Plus récemment encore, un foyer pour jeunes en difficulté d’insertion aborde la difficile équation de l’insertion d’un bâti au cœur des champs. Avec des moyens plus étendus, le projet articule deux volumes sur les hauteurs de la commune d’Anières dans la bassin agricole genevois. Ici c’est le choix d’une matière minéral dont la modénature très dessinée renvoie aux assemblages des revêtement en bois des anciens ruraux dont les ombres animent les surfaces face à l’horizontale des champs qui se déroulent sous la silhouette protectrice du Mont Salève. 
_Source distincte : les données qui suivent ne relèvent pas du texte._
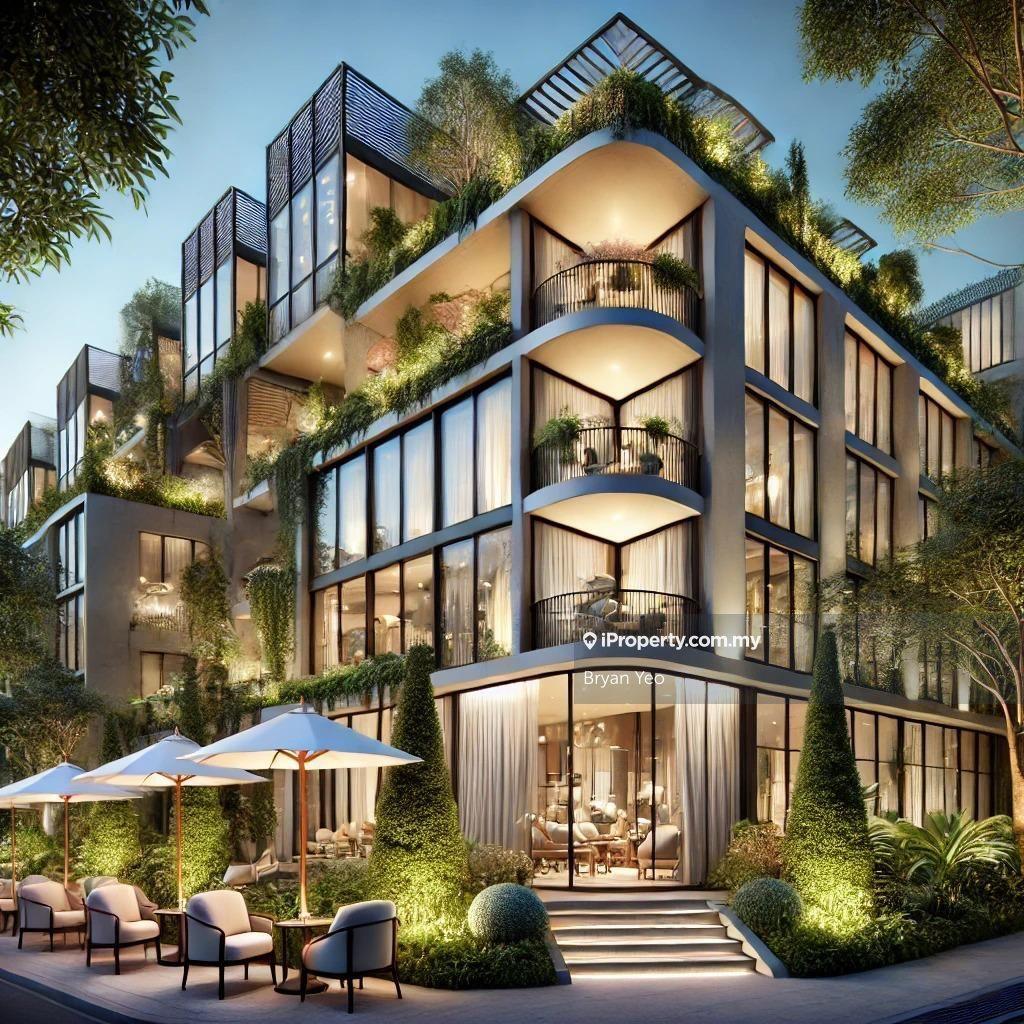 Cheap! Boutique Hotel Pudu, Freehold, 91 rooms, near TRX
Il est souhaitable qu’à l’avenir la question de l’architecture de campagne fasse l’objet de plus d’implication culturelle, que les pouvoirs publics prennent la mesure de la valeur de ce legs de la période vernaculaire. Il s’agira d’apporter à ces contrées verdoyante, dont on doit protéger l’aspect paysager, une pensée conceptuelle plus riche dans la conception du domaine bâti contemporain et futur qui l’accompagne inéluctablement.

+ d’infos

Etable pour 30 vaches, Lignières, Neuchâtel, réalisation 2005, maîtres de l’ouvrage : Fernand Cuche et Daniel Juan, architecte : Localarchitecture, Lausanne. 

Centre d’hébergement et de formation, Anières, Genève, réalisation 2019-2020, maître de l’ouvrage : Foyer Astural, architecte : Lacroix Chessex, Genève.

étable à lignières, neuchâtel ©milo keller

Philippe Meier

Né à Genève, Philippe Meier est architecte, ancien architecte naval, enseignant, rédacteur et critique. Depuis plus de trente ans, il exerce sa profession à Genève comme indépendant, principalement au sein de l’agence meier + associés architectes. Actuellement professeur de théorie d’architecture à l’Hepia-Genève, il a également enseigné durant de nombreuses années à l’EPFL ainsi que dans plusieurs universités françaises. Ses travaux et ses écrits sont exposés ou publiés en Europe et en Asie.